Pension Credit is specifically designed to assist people over the state pension age, currently 66, who are on a low income or living alone, according to the Daily Record.
However, all pensioners are encouraged to check their eligibility as Pension Credit is one of the most underclaimed DWP benefits. This can be done using the Government’s Pension Credit calculator.
In 2021, approximately 3.3 million people over the age of 65 were living alone in England and Wales, according to the Office for National Statistics. In Scotland, around 337,000 single pensioner households were recorded.
As the change of seasons approaches, these households will face increased energy bills due to the colder weather, but with only a single income, it becomes more challenging to make ends meet. This makes the support all the more crucial for thousands of households.
Nearly 1.4 million people across Great Britain are already claiming the support, which provides an income top-up worth an average of £4,300. However, it also serves as a gateway benefit, granting successful claimants access to a range of other discounts, benefits and assistance.
This could encompass assistance with housing expenses, council tax, and access to seasonal aid such as Winter Fuel Payments. Even a small award of £1 could be worth significantly more through these additional benefits, which is why the government is encouraging people to check their eligibility and ensure they’re not missing out on vital support.

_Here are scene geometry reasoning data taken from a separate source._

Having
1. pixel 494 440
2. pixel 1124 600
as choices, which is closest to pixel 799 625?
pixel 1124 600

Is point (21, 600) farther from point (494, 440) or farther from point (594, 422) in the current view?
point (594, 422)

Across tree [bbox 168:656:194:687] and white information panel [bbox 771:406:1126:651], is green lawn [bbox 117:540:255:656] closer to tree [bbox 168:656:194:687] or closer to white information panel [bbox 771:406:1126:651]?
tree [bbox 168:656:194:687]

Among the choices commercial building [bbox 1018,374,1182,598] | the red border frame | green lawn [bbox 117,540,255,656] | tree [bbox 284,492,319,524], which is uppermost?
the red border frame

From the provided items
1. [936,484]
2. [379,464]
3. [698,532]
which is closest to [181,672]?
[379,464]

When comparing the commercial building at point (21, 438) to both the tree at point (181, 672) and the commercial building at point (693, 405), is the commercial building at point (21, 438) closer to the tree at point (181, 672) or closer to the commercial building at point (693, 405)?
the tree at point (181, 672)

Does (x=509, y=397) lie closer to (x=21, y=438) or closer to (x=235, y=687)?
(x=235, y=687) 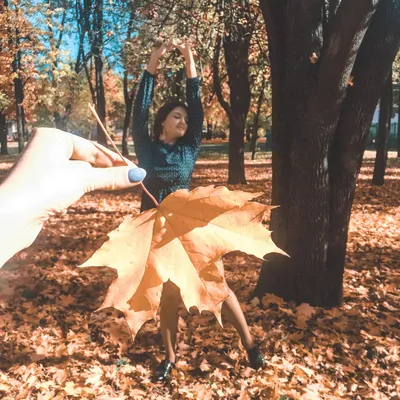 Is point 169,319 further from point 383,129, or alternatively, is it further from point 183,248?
point 383,129

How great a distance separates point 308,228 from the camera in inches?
144

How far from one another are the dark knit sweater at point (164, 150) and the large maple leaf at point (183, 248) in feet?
4.83

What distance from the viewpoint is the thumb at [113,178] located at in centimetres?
142

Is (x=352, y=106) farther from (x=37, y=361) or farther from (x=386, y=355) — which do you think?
(x=37, y=361)

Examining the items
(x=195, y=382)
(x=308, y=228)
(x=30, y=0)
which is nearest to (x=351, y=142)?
(x=308, y=228)

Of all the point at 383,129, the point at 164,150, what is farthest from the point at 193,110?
the point at 383,129

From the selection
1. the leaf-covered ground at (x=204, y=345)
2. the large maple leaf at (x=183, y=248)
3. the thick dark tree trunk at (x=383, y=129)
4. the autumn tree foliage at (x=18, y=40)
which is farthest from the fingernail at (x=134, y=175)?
the autumn tree foliage at (x=18, y=40)

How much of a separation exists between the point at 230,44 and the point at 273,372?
951 cm

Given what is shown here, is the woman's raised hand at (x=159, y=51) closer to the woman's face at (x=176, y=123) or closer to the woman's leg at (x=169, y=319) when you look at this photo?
the woman's face at (x=176, y=123)

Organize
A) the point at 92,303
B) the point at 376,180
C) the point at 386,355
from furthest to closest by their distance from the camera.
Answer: the point at 376,180, the point at 92,303, the point at 386,355

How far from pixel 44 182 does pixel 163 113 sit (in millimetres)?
1906

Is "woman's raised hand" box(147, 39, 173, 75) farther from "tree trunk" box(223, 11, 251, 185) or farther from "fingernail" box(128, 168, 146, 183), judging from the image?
"tree trunk" box(223, 11, 251, 185)

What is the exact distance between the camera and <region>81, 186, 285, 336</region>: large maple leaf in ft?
4.50

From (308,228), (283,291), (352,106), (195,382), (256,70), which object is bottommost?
(195,382) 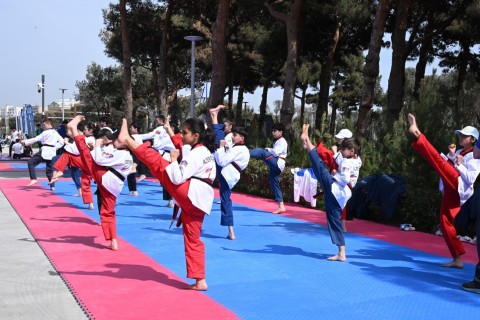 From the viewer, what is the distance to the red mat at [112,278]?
13.6ft

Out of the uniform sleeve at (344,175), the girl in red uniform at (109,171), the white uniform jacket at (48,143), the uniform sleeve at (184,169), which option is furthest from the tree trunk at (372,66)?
the uniform sleeve at (184,169)

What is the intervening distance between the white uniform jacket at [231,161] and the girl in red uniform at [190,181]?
203 centimetres

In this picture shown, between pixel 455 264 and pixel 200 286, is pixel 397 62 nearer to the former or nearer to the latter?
pixel 455 264

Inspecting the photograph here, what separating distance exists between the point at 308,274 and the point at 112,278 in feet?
6.50

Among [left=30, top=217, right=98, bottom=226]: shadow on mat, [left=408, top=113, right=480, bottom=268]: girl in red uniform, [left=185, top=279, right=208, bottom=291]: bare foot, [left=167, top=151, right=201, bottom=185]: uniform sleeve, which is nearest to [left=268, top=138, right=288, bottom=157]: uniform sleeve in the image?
[left=30, top=217, right=98, bottom=226]: shadow on mat

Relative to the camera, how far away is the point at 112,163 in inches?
254

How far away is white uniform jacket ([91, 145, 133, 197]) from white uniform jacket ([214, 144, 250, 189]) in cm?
124

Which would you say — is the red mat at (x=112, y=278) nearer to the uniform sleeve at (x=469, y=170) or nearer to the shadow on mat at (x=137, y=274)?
the shadow on mat at (x=137, y=274)

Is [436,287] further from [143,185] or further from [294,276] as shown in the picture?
[143,185]

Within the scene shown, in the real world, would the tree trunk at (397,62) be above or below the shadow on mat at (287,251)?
above

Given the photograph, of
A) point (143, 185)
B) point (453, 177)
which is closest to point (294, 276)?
point (453, 177)

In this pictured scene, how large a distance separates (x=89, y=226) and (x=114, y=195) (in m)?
1.73

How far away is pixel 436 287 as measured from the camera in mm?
4969

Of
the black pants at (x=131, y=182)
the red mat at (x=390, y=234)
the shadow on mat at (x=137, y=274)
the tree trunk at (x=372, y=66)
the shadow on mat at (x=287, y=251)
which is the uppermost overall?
the tree trunk at (x=372, y=66) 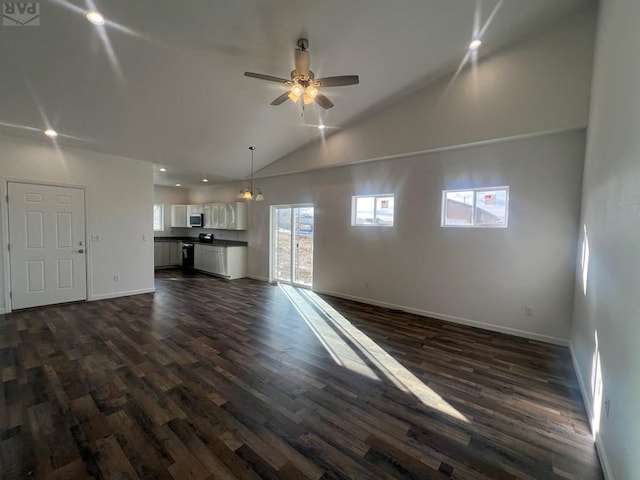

There are some common misconceptions about the benefit that deter people from claiming what they’re entitled to, including the belief that having savings or owning property will disqualify them. However, Pension Credit eligibility primarily depends on your weekly income.
If you have £10,000 or less in savings and investments, your eligibility won’t be impacted. If your savings exceed this amount, every additional £500 will be considered as £1 of weekly income.
Pension Credit comes in two forms – Guarantee Credit and Savings Credit. To qualify for Guarantee Credit, single pensioners must have a weekly income of £227.10 or less. For those with a partner, their combined income must be £346.60 or less per week.
The benefit will then boost your weekly income to this level. You may still be eligible for the benefit if your income exceeds this, provided you have a disability, are caring for someone, or have housing costs.
To qualify for the Savings Credit, you must have reached State Pension age before 6 April 2016, or have a partner who reached State Pension age before this date and was already receiving it. Additionally, you need to have qualifying income of at least £198.27 a week for a single person and £314.34 a week for a couple.
The Savings Credit can provide up to £17.30 a week for a single person and £19.36 a week for a couple. The Gov.uk website offers a Pension Credit calculator that allows anyone to check their eligibility for the benefit and how much they could potentially be entitled to.